From complex sinusoids to complex exponentials
Recall the form of a discrete-time complex sinusoid: $x[n]=e^{j(\omega n + \phi)$. As we have already seen, that signal itself is complex-valued, i.e., it has both a real and an imaginary part. But look closely at just the exponent, and you will see that the exponent itself is purely imaginary.Suppose we let the exponent be complex-valued, say of the form $a+jb$. Then we have $e^{(a+jb)n}=e^{an}e^{jbn}=(e^a)^n e^{jbn}$. So the result is a complex sinusoid multipled by a real exponential signal (whose base is $e^a$).

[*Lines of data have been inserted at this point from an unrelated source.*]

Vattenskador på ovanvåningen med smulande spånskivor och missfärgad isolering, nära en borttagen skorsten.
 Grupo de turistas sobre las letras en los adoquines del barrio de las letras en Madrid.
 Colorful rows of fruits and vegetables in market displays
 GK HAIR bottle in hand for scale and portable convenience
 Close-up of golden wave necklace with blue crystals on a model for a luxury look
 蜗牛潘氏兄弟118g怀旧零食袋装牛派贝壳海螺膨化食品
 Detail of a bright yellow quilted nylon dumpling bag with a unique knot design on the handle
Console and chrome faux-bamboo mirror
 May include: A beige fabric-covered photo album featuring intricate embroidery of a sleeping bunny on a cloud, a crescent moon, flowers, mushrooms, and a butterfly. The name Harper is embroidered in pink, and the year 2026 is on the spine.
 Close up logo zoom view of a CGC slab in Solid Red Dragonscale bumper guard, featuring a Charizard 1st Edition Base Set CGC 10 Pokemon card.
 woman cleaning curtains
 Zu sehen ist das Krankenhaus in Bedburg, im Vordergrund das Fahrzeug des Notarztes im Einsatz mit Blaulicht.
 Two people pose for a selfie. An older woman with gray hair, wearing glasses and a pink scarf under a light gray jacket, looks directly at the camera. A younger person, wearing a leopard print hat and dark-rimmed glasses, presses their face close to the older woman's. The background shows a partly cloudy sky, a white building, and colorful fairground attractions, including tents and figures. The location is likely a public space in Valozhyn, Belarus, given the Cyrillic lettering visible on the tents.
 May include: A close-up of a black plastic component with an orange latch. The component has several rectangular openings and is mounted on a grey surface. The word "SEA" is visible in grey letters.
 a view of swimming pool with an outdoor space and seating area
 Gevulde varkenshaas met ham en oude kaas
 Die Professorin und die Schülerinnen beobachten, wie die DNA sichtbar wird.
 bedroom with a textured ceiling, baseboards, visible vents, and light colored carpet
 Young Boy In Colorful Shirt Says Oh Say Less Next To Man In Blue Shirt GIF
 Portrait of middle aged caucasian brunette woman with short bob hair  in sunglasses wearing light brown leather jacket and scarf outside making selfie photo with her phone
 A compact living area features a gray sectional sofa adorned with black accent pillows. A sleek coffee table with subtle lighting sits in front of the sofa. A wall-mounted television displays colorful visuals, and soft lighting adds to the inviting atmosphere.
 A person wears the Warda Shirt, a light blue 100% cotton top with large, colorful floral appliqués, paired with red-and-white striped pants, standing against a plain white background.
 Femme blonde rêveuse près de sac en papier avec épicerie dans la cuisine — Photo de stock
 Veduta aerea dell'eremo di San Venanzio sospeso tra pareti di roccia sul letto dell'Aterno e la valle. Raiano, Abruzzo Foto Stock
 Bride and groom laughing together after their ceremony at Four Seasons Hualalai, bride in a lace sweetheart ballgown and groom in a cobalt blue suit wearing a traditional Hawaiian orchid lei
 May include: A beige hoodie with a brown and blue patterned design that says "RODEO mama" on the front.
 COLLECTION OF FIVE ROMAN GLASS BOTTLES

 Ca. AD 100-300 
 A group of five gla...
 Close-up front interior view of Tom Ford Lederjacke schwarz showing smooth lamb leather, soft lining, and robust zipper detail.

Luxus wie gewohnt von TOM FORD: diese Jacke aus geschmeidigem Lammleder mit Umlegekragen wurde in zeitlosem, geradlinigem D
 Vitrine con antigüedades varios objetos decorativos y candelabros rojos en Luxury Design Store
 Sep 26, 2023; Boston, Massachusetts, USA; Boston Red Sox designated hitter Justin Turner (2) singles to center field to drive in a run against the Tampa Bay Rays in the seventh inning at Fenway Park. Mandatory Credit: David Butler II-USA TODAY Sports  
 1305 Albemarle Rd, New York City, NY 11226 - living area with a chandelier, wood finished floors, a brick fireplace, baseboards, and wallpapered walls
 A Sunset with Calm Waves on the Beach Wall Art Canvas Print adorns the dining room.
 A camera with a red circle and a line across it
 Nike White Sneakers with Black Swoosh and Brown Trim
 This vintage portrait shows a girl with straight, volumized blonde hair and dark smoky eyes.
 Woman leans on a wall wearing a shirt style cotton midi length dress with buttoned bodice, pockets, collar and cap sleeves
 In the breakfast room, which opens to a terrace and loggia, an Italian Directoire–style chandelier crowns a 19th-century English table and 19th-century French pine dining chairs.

Complex exponentials, defined
We do not typically represent complex exponentials in the way derived above, but rather express them in the form $x[n]=z^n$, where $z$ is a complex number. Being a complex number, it lies on the complex plane with a magnitude of $|z|$ and an angle of $\angle z$ we define as $\omega$. So then, if we would like to express $x[n]=z^n$ as a combination of a real exponential and a complex sinusoid, as above, we have: $x[n]=z^n=|z|^n e^{j\omega n}$. Below are some plots of complex exponentials for different values of $z$.So when the magnitude $|z|$ is greater than 1, we have a signal that oscillates and exponentially grows with time, and if the magnitude is less than 1, it decays over time. And, you guessed it, if the magnitude is exactly equal to 1, it does not grow or decay, but only oscillates. In fact, if the magnitude is 1, the complex exponential is, by definition, simply a complex sinusoid: $|1|^n e^{j\omega n}=e^{j\omega n}$. Therefore you can see that complex sinusoids are a subset of the more general complex exponential signals.